América do Sul, Venezuela e o Day After Maduro
A o contrário do que previa Fukuyama, a história no início do século XXI não só não parou como disparou. Os Estados Unidos da América reveem unilateralmente seu papel de líder democrático e intervencionista em escala mundial, tanto do ponto de vista político-militar como do ponto de vista comercial. A Europa Ocidental fragmenta-se dramaticamente não só através do Brexit, mas também pela crescente desconfiança de suas nacionalidades periféricas – Polônia, Hungria, Espanha e Grécia – de que a delegação de poderes regulatórios à burocracia de Bruxelas gere mais custos do que benefícios às suas ambições nacionais. O crescimento demográfico negativo europeu associado ao fluxo migratório de população dos orientes mediterrâneo e norte-africano acrescentam fatores de fricção local de gravidade crescente, com o avanço de forças políticas conservadoras. A Rússia vê nessa turbulência mundial uma oportunidade rara de reconstruir seu papel histórico de potência na Europa e no Oriente Asiático. A China se reafirma como o novo polo de poder mundial através de um protagonismo político-comercial que se espalha gradualmente pelos vizinhos asiáticos, chegando com vigor na África e na América do Sul.
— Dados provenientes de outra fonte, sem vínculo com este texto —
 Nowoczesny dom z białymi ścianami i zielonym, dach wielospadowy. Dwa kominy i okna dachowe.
Não é razoável supor que a América Latina, em geral, e a América do Sul, em particular, permaneçam imunes a tantas oscilações político-comerciais de caráter transcontinental. Neste cenário, o objetivo deste pequeno preâmbulo histórico é o de desconstruir a narrativa de que a América Latina passa por um período de instabilidade política característica de sociedades atrasadas culturalmente e não adaptáveis a regimes políticos democráticos.
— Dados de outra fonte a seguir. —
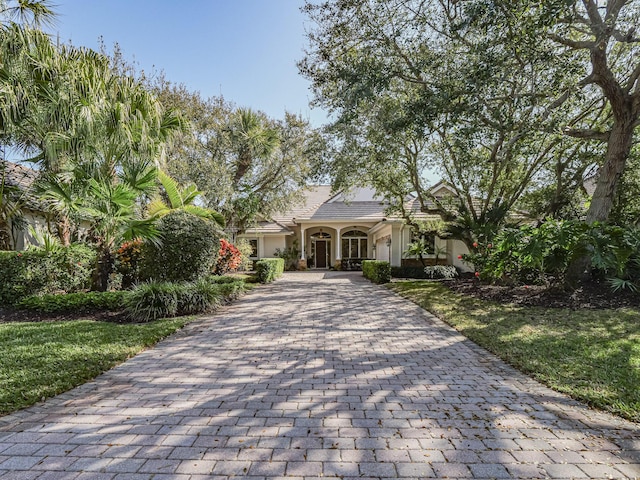 view of front of home with a front lawn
Tomando alguns casos como exemplo: o México e o Caribe progrediram econômica e socialmente nos últimos 50 anos. Ambos beneficiaram-se do crescimento da economia norte-americana e europeia. Cuba e Nicarágua fracassaram no seu propósito de conciliar comunismo com prosperidade econômica e paz política. Na vertente Pacífica da América do Sul, Chile, Peru, Colômbia e Equador passaram por graves crises institucionais, mas chegaram ao século XXI em condições políticas muito melhores do que há 50 anos. Do lado do Atlântico, a América do Sul se beneficia do “boom das commodities” do início do século, mas, infelizmente, não soube gerir suas instituições de modo a garantir a sustentabilidade de seus programas de crescimento econômico. No Brasil, as instituições democráticas vêm prosperando desde 1985, a despeito da crise de questionamento das instituições tradicionais do modelo democrático-representativo desde as jornadas de junho de 2013, agravadas pela recessão em 2015.
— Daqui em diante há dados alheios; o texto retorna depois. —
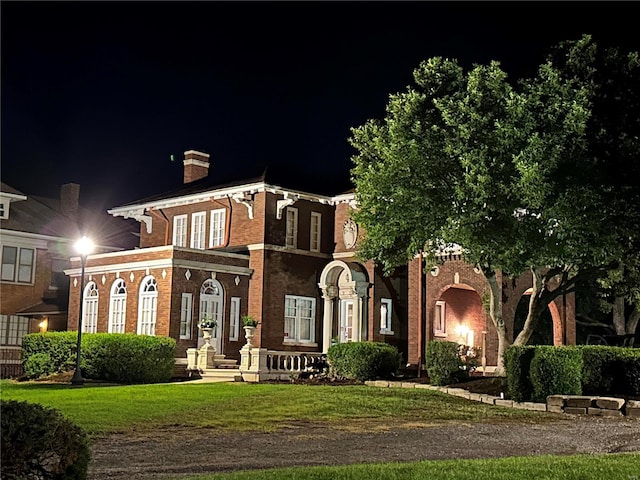 italianate house with a yard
A Argentina não conseguiu retomar seu crescimento econômico: o governo Mauricio Macri não foi bem-sucedido e Alberto Fernández ameaça adotar políticas peronistas populistas e fiscalmente insustentáveis. No âmbito político, no entanto, é importante destacar que a transição de poder de Macri a Fernández ocorre de maneira exemplarmente ordenada e democrática.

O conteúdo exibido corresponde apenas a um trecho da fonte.